Seems the old lady found herself with a bit of IBS* caused the inadvertent swallowing of a fly (that wriggled and wriggled and tickled inside her). Thinking her demise may be imminent, further consumption of arachnids was thought to solve the issue.


Alas, this failed, and it fell to feasting on feathered friends, which fell foul and failed to cease  further faecal fingernail stainage and stench. So, following the Old Wives Tale, she had no choice but to get a pussy to eat out her bird.


Now, an unhungry feline will not dine, so she bunged it in a bin for a couple of hours to ensure that when she retrieved it, it would munch it’s way through bird, spider and fly, thus alleviate her tummy conundrum.

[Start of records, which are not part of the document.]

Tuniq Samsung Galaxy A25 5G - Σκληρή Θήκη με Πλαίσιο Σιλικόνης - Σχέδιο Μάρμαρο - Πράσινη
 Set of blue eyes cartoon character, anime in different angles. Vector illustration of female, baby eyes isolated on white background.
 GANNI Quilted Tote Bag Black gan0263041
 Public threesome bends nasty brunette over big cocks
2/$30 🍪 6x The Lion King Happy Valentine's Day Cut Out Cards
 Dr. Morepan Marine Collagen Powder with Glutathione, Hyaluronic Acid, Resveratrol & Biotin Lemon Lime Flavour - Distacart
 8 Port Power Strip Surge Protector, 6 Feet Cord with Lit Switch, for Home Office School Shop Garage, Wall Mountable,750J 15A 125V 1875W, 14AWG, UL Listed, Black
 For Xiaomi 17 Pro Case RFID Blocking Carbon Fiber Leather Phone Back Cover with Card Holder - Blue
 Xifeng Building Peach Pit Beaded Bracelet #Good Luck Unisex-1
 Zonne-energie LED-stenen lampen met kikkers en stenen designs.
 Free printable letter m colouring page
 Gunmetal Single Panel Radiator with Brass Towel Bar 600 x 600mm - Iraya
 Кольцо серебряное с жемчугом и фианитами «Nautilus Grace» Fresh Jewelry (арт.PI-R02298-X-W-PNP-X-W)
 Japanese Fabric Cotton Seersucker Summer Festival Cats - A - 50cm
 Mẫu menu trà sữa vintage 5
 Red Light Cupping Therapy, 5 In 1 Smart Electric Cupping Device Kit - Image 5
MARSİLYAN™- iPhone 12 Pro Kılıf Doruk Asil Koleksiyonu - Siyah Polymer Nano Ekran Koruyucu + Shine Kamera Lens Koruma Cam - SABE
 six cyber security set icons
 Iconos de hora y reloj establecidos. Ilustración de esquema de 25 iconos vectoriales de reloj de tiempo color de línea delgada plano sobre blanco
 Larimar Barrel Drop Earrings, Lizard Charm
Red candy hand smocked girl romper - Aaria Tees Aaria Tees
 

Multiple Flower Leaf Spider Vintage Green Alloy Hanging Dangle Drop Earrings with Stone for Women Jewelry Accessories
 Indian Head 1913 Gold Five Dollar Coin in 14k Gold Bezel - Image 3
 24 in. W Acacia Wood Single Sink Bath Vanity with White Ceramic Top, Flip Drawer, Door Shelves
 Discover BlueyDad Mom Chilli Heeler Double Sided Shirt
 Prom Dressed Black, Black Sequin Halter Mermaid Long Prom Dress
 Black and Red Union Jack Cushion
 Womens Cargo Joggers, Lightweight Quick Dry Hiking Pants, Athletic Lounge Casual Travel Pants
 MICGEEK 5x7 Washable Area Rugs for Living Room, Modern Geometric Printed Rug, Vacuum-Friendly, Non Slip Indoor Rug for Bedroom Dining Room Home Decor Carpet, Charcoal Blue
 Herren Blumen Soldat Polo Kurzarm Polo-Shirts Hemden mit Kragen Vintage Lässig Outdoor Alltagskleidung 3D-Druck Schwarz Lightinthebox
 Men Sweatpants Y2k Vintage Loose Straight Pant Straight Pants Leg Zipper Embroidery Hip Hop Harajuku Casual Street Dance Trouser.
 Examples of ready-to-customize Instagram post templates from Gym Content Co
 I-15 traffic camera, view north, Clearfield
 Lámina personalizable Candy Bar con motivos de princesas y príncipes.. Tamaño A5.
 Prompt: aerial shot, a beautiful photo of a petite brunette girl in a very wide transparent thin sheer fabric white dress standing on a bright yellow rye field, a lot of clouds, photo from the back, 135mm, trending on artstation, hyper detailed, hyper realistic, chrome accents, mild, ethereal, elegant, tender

Unfortunately, Pig Botherer was watching her, and now everyone wants to hang her, just for practicing traditional olde wurlde folke medicine on herself!


OK, she was stopped before the final two** stages (Canine consumption with a Bovine chaser), but come on! How do you think Old Wives got to be Old Wives? By Old Wives practical application of carnivorous healing!


As usual, it’s one rule for modern day technologically advanced healthcare types, and another for new-age hippies with a penchant for traditional medicine and dancing nudie on the hill in the light of the Moon.


* ITCHY BUM SYNDROME.

** ALTHOUGH SOME MAY CLAIM THREE, AS THERE IS SOME ISSUE AS TO WHETHER A HORSE COMES BETWEEN A DOG AND A COW. OR WAS IT A WHORE WHO'S A DOG AND A COW? SOMETHING LIKE THAT.